Die Neue Kunst ist in Frankfurt auf eine Handvoll Privatgalerien angewiesen. Die schwerste Bürde trägt bestimmt Rochus Kowallek, weil er ein sagenhaftes Image hat. Seitdem sich die Partnerschaft mit Frau Lichter aufgelöst hat, scheint der Wurm am Kowallekschen Unternehmen zu nagen. Mit anderen Worten: Die Kasse muß klingeln, nicht das Telefon. Ursula Lichter indessen hat für rund 100 000 Mark Neuen Realismus eingekauft: Richtung Thelen und de Gestlo. Na also, sagen die Eingeweihten, da liebt jemand wenigstens noch die Kunst! Das Kowalleksche Rendezvous mit der Russenkunst bescherte ihm ein Defizit von 7500 DM. Trotzdem will er weiter am Sowjetball bleiben, außerdem zwei Neuentdeckungen präsentieren, Hofschen, Graubner und Verheyen zeigen.
Lüpke, dessen Grafik-Edition inzwischen überregionale Bedeutung hat, hat diese Arbeit an den jungen Bernd Slutzky abgegeben. Er selber will im Galeriebetrieb nach Möglichkeiten eine Neuprofilierung suchen. Frau Löhr hat in der City eine zweite Galerie aufgebaut.
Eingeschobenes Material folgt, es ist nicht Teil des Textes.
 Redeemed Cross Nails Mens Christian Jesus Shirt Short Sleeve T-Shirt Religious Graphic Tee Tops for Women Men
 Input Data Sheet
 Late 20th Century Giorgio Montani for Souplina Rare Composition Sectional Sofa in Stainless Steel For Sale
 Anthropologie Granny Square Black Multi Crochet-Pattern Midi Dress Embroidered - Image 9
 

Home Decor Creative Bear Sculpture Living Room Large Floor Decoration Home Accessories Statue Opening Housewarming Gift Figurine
Dort macht Sabine Freund ein recht progressives Programm: Grafik der Galerie Friedrich, Künstler aus dem Kreis um Conny Fischer aus Düsseldorf. Jüngst ist auch dort ein Wunder geschehen: Nach Jahren der Abstinenz hat das Kupferstichkabinett im Städel eine Radierung von Baselitz zum Vorzugspreis von 250 DM angekauft. Und: nur ein einziger Mann ist erschienen, um das zu entscheiden! Meyer-Ellinger hat innerhalb eines Jahres Beachtliches zustande gebracht – er mischt geschickt Progressives mit der Neuen Sachlichkeit etwa, stellt Bayerle aus; begeistert sich offenbar für die Wiener Secession (1897 -1904 ) ebenso stark wie für Max Ernst. Und damit sind wir praktisch schon am Ende. Vergessen haben wir beinahe Frau Ostheimer, die sich nur mit Naiver Kunst beschäftigt. Eine merkwürdige Erscheinung ist: Ausstellungen in Möbelhäusern (hier Interior) haben kaum Wirkung und Ausstrahlung – selbst wenn das Programm gut ist.
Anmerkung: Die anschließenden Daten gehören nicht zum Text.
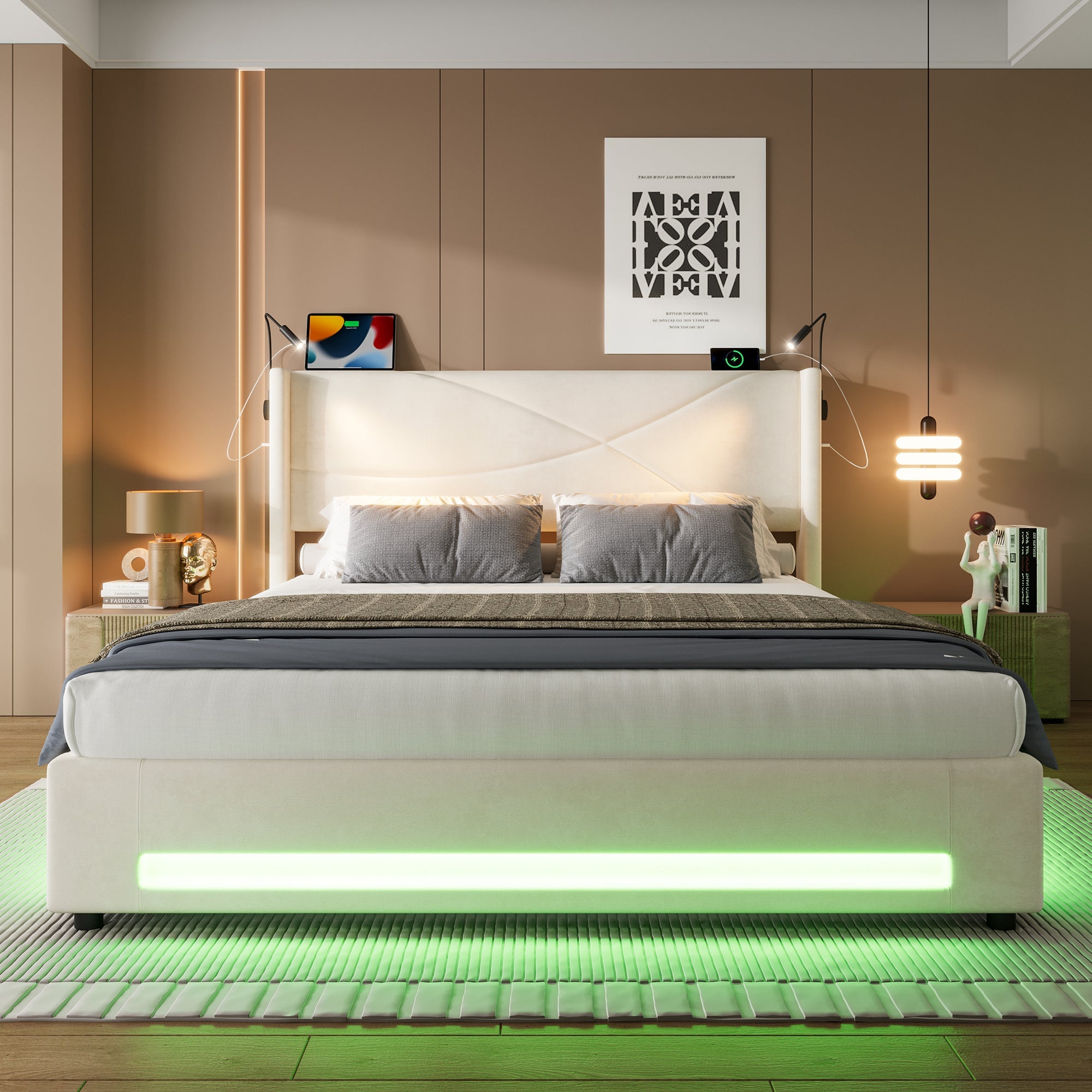 Logidon bedframe 160x200 cm beige fluweel met opbergruimte LED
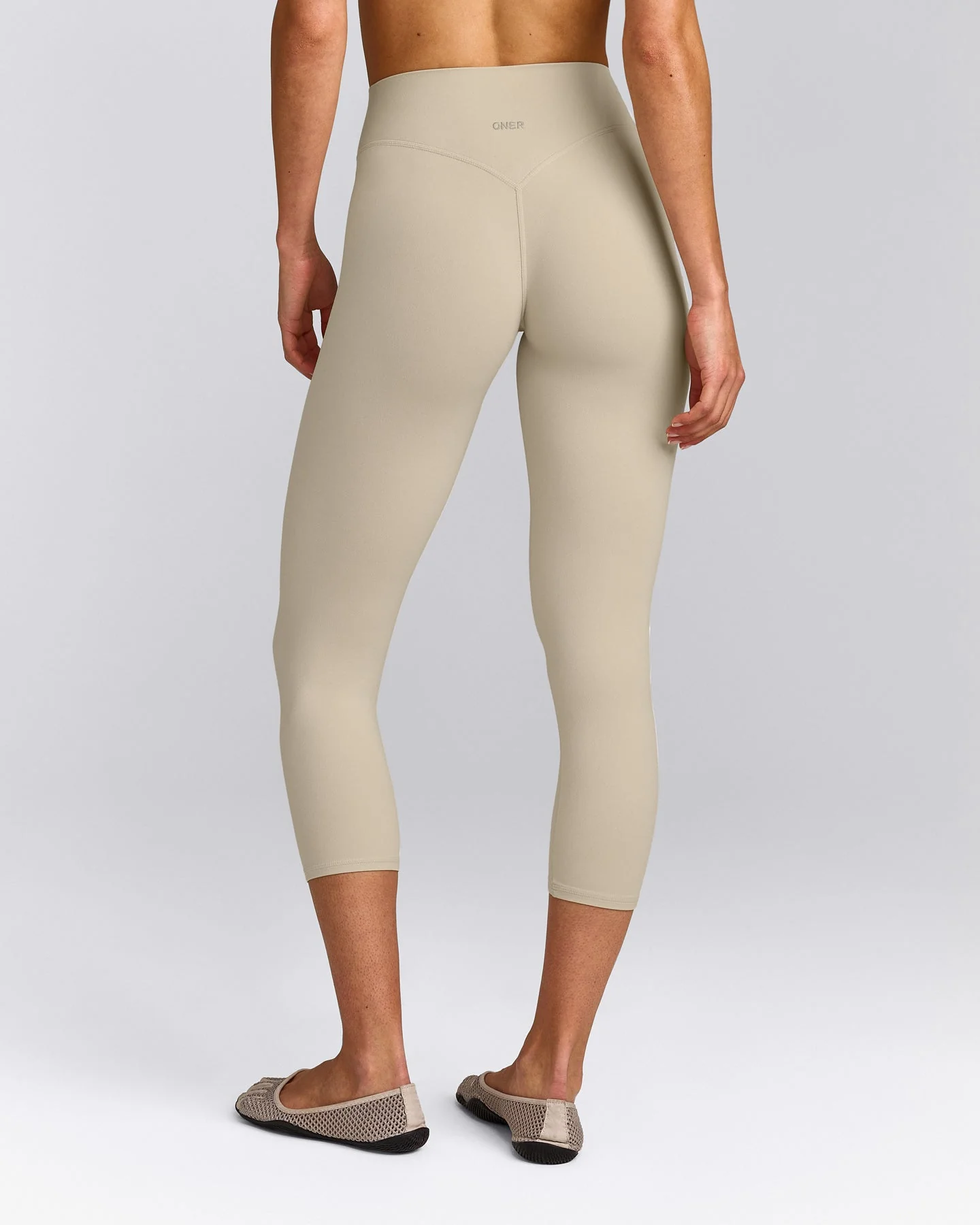 SoftMotion™ 3/4 Length Leggings with Grey Logo | Oatmeal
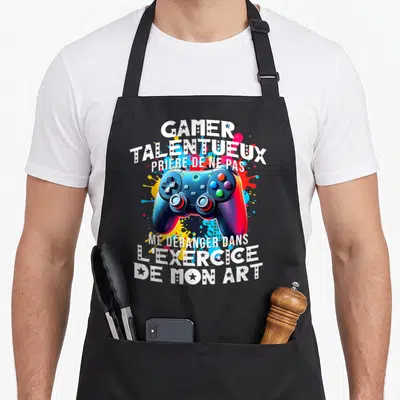 Tablier de cuisine noir avec illustration manette de jeu vidéo et texte Gamer talentueux prière de ne pas me déranger dans l'exercice de mon art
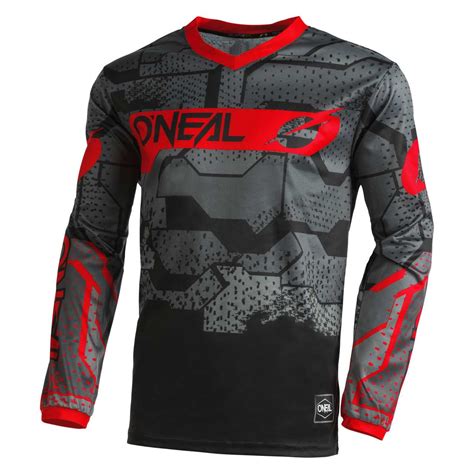 O Neal Element Camo Youth Kinder FR Jersey Trikot Lang Schwarz Grau Rot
Kunst in Frankfurt ist, wenn es nach Wochen in der FAZ steht. Kunst in Frankfurt ist, wenn das Wichtigste versäumt wird. Kunst in Frankfurt ist, wenn der einzige Mann, der von amtswegen etwas zur Förderung der neuen Kunst getan hat, auf das Friedhofsamt versetzt wird. Kunst in Frankfurt ist, wenn Herr Abs mitmischt. Die anstehende Neubesetzung des Direktorenpostens am Städel wird über das Kunstschicksal dieser Stadt entscheiden. Wie man hört, soll Klaus Gallwitz dem Berufungsausschuß ‘zu wenig wissenschaftlich’ und ein ‘zu starker Praktiker’ sein. Wer, um Gottes Willen, macht aus dieser Stadt, die sich wirklich etwas auf ihre Liberalität zugute halten darf, eine Kunststadt?